_Exercise directions_.
Return the records word for word. Any pictures in them are not part of the copy.

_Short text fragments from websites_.
....
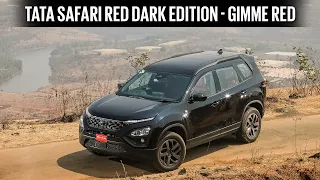 Tata Safari Red Dark Edition - Gimme Red | BRANDED CONTENT | Autocar India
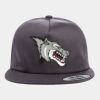Yupoong - Unstructured Five-Panel Snapback Cap - 6502 Thumbnail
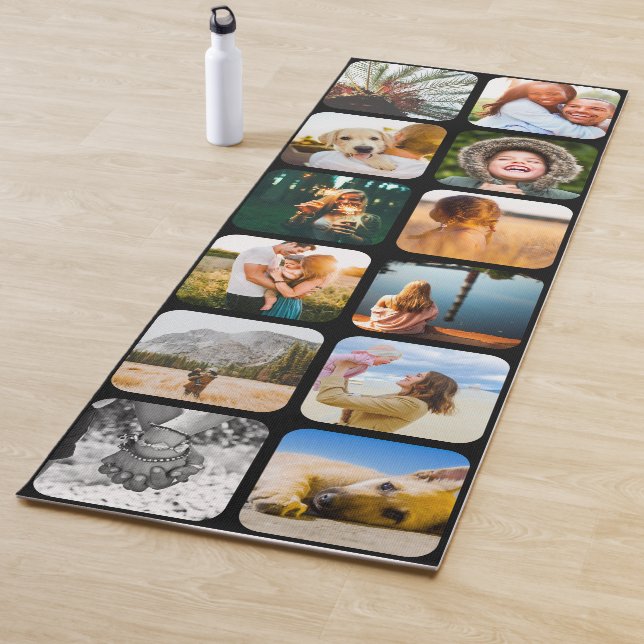Tapis De Yoga 12 Photo Yoga Mat Modèle arrondi (En situation)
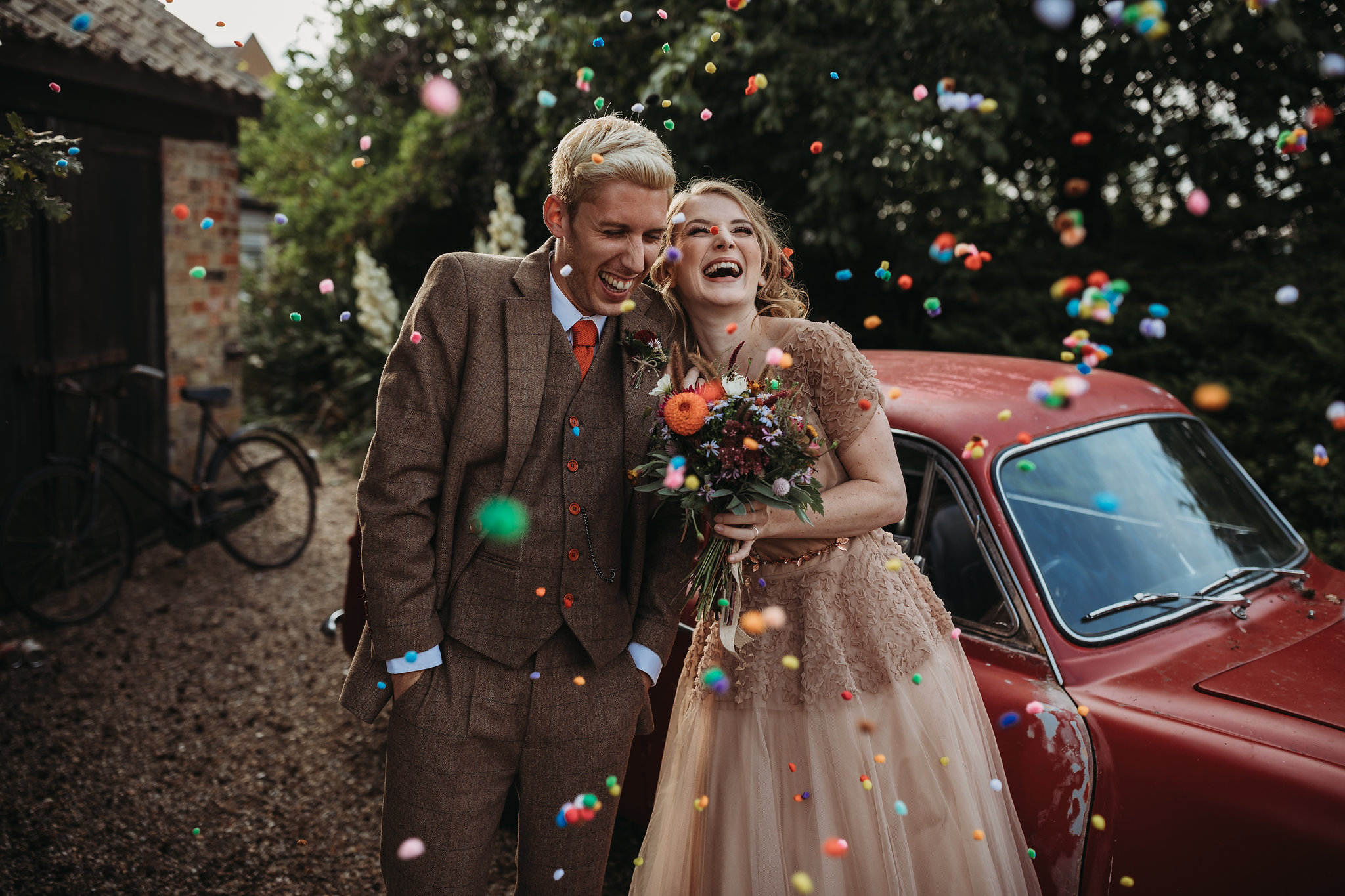 Romantic Wedding Inspiration with Intimate Vintage Vibes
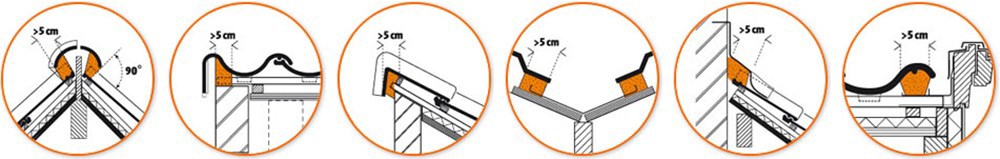 dakmortel flexim rood-5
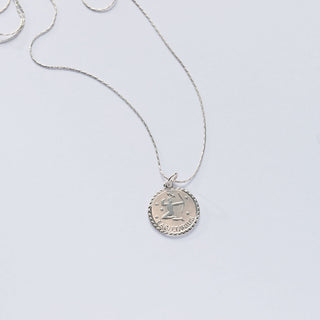 Small Zodiac Chain Slider Necklace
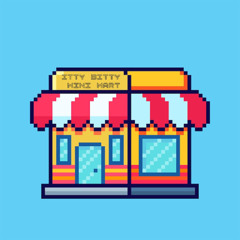 itty bitty mini mart :)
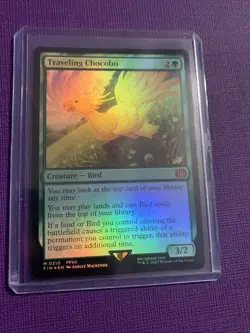 Traveling Chocobo Final Fantasy Foil - Image 1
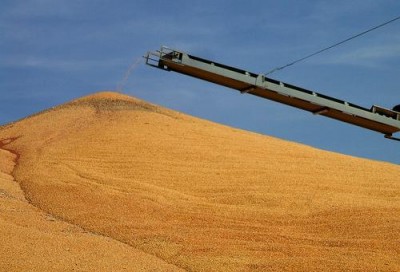 Harvested corn in Nebraska; photo by John Lillis via flickr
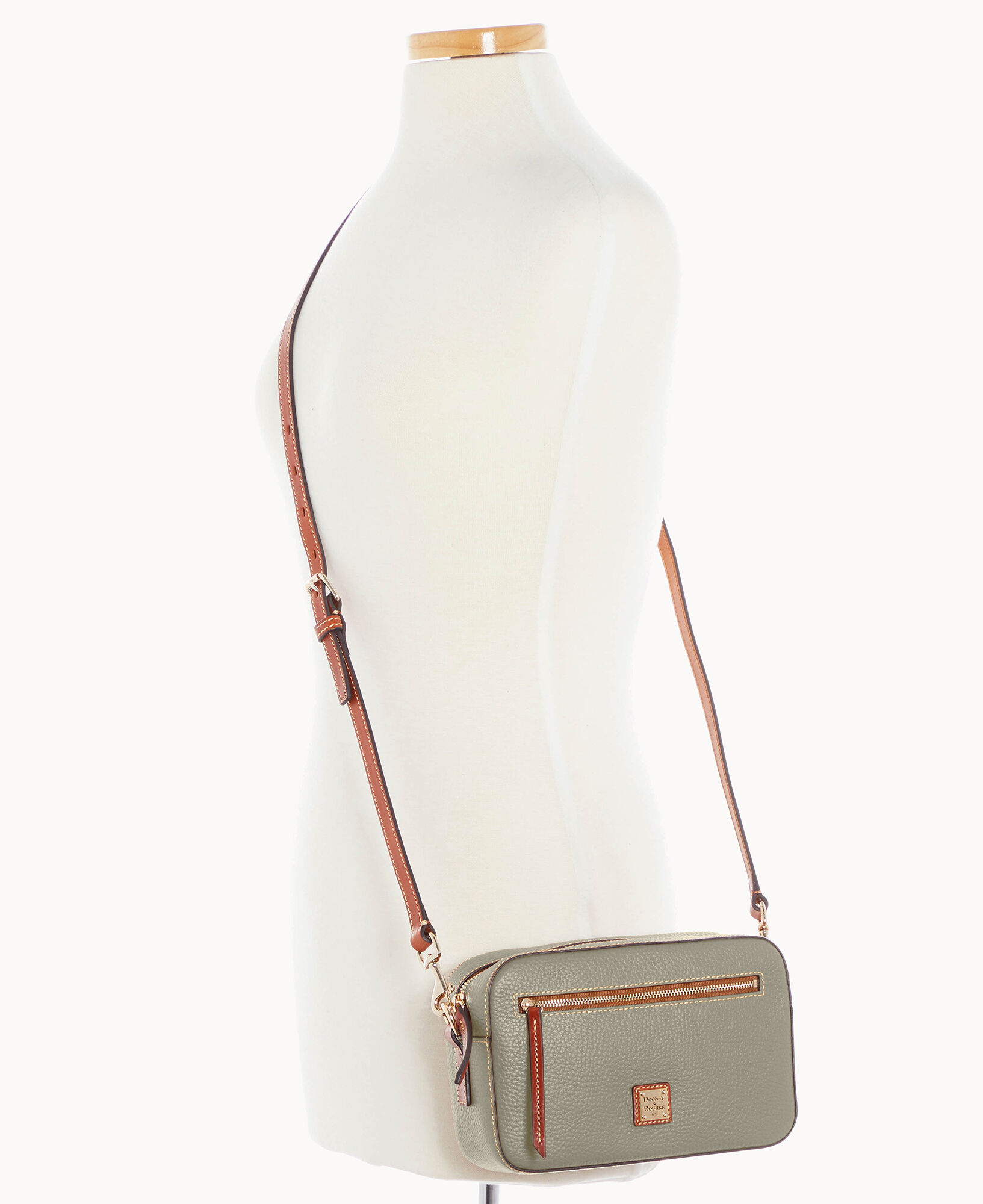 Dooney & Bourke MLB Cardinals Camera Zip Crossbody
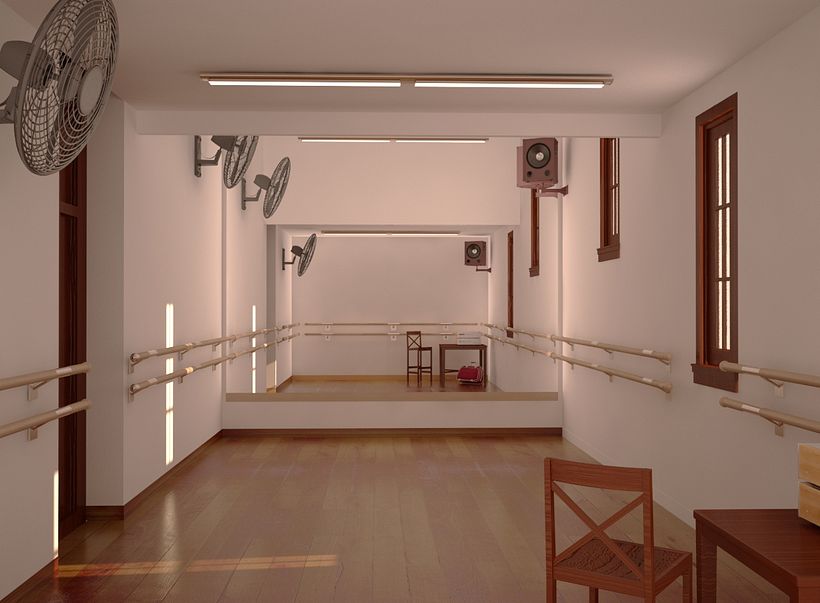 diseño de interiores de la compañia Irene Rodriguez 3
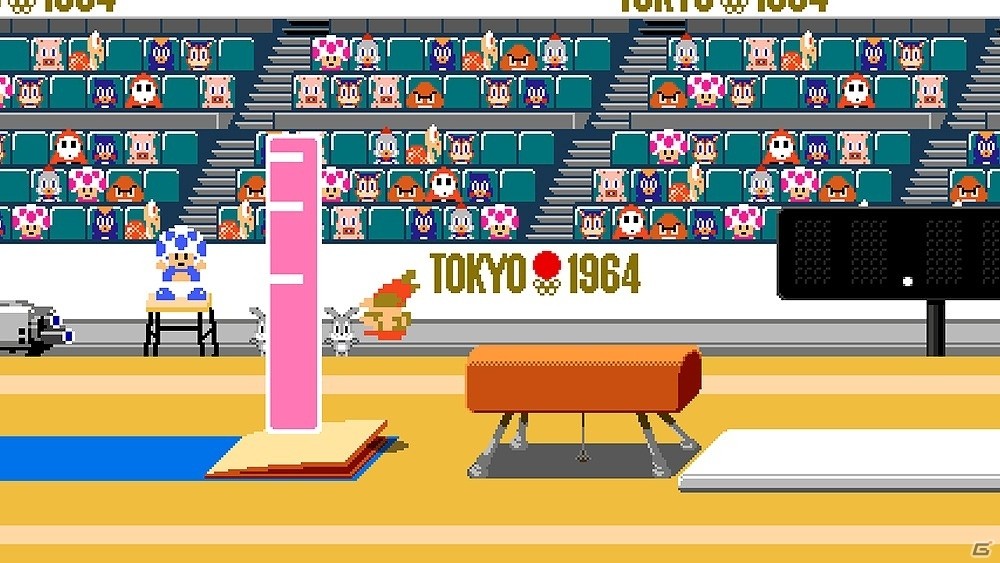 「マリオ＆ソニック AT 東京2020オリンピック」カヌーや射撃、跳馬など東京1964年競技の一部を紹介！の画像13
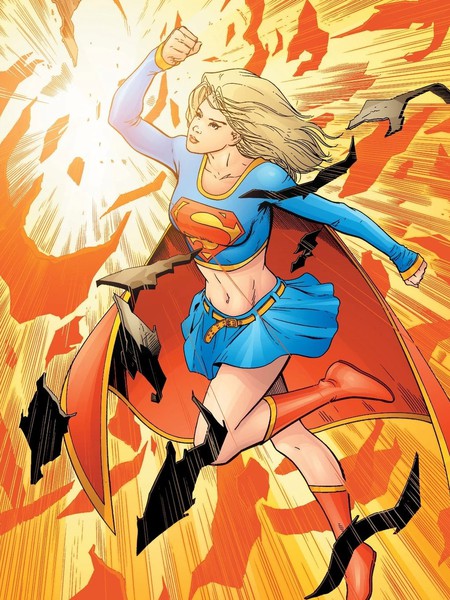 超级少女与超级英雄军团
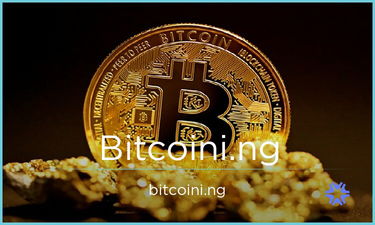 Bitcoini.ng - Creative brandable domain for sale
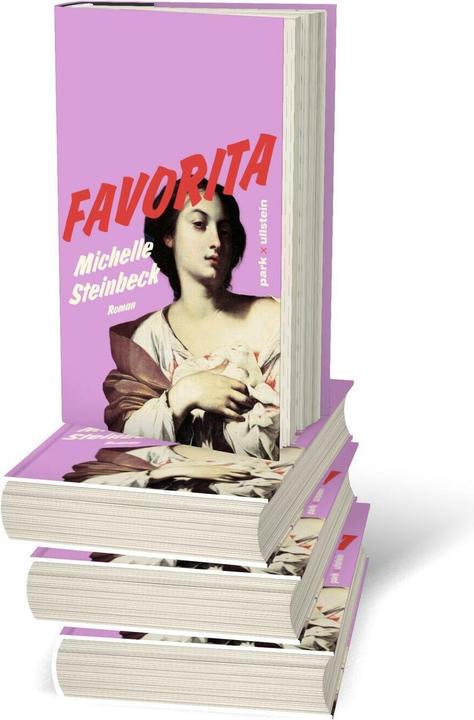 Image du produit Favorita (Allemand, Michelle Steinbeck, 2024)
....
_Result of the exercise_.
 Tata Safari Red Dark Edition - Gimme Red | BRANDED CONTENT | Autocar India
Yupoong - Unstructured Five-Panel Snapback Cap - 6502 Thumbnail
Tapis De Yoga 12 Photo Yoga Mat Modèle arrondi (En situation)
 Romantic Wedding Inspiration with Intimate Vintage Vibes
 dakmortel flexim rood-5
 Small Zodiac Chain Slider Necklace
 itty bitty mini mart :)
 Traveling Chocobo Final Fantasy Foil - Image 1
 Harvested corn in Nebraska; photo by John Lillis via flickr
 Dooney & Bourke MLB Cardinals Camera Zip Crossbody
 diseño de interiores de la compañia Irene Rodriguez 3
 「マリオ＆ソニック AT 東京2020オリンピック」カヌーや射撃、跳馬など東京1964年競技の一部を紹介！の画像13
 超级少女与超级英雄军团
 Bitcoini.ng - Creative brandable domain for sale
 Image du produit Favorita (Allemand, Michelle Steinbeck, 2024)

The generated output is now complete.